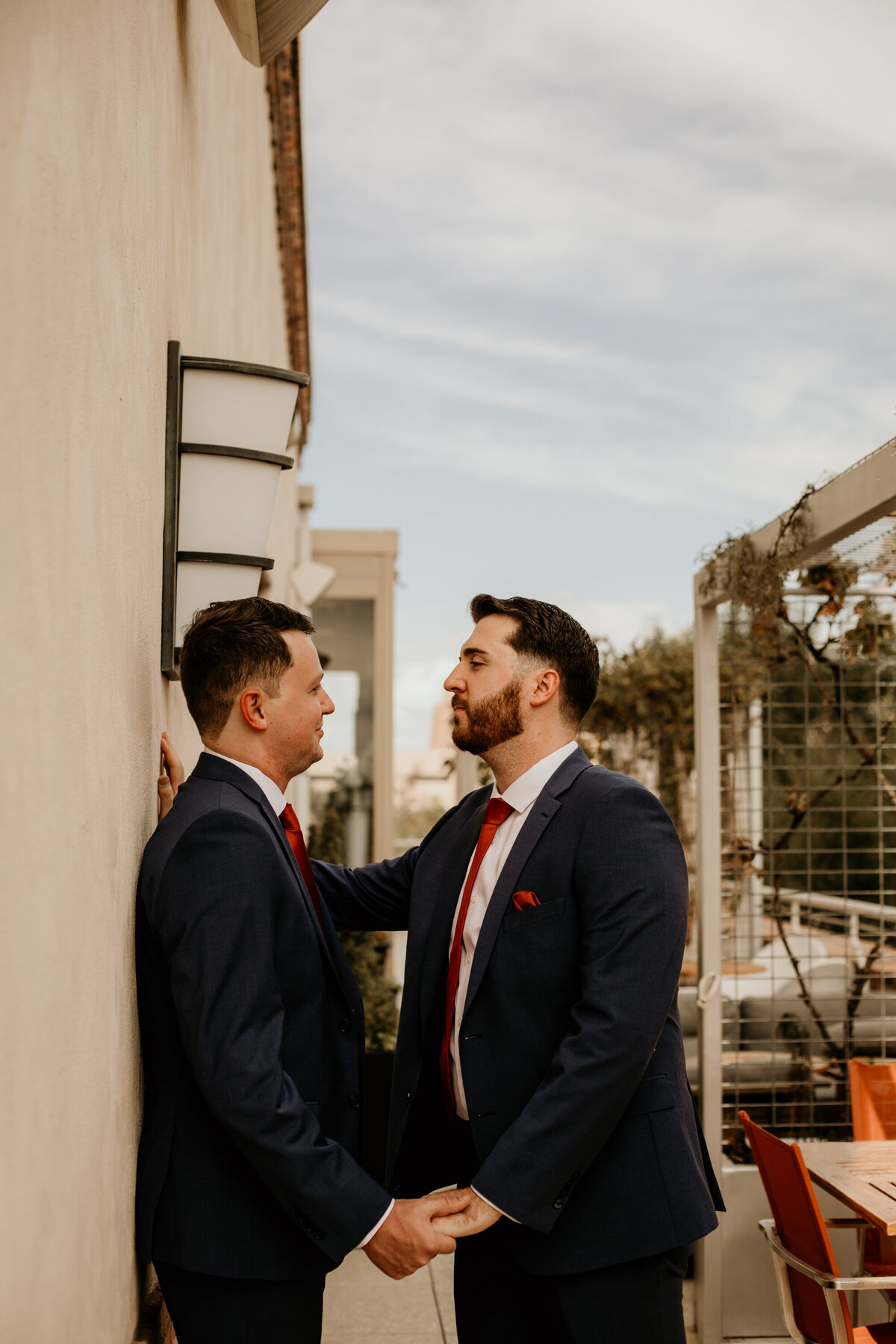 two grooms holding hands on top of a balcony in downtown Albuquerque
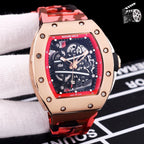 Richard Mille watch with rose gold case and red camo rubber strap, skeleton dial.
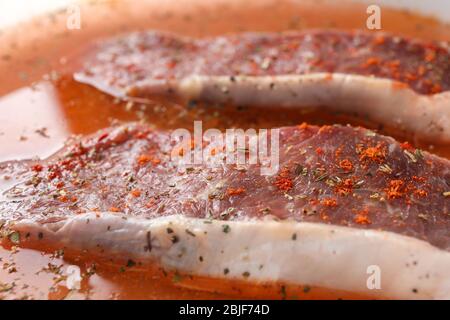 Nahaufnahme von marinierten Steaks mit Gewürzen Stockfoto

EXERCISE REQUIREMENTS:
Find the line with "Richard Mille watch" in the listing above, then write it out along with every later line through the last one, exactly, omitting pictures.

EXERCISE SOLUTION:
 Richard Mille watch with rose gold case and red camo rubber strap, skeleton dial.
 Nahaufnahme von marinierten Steaks mit Gewürzen Stockfoto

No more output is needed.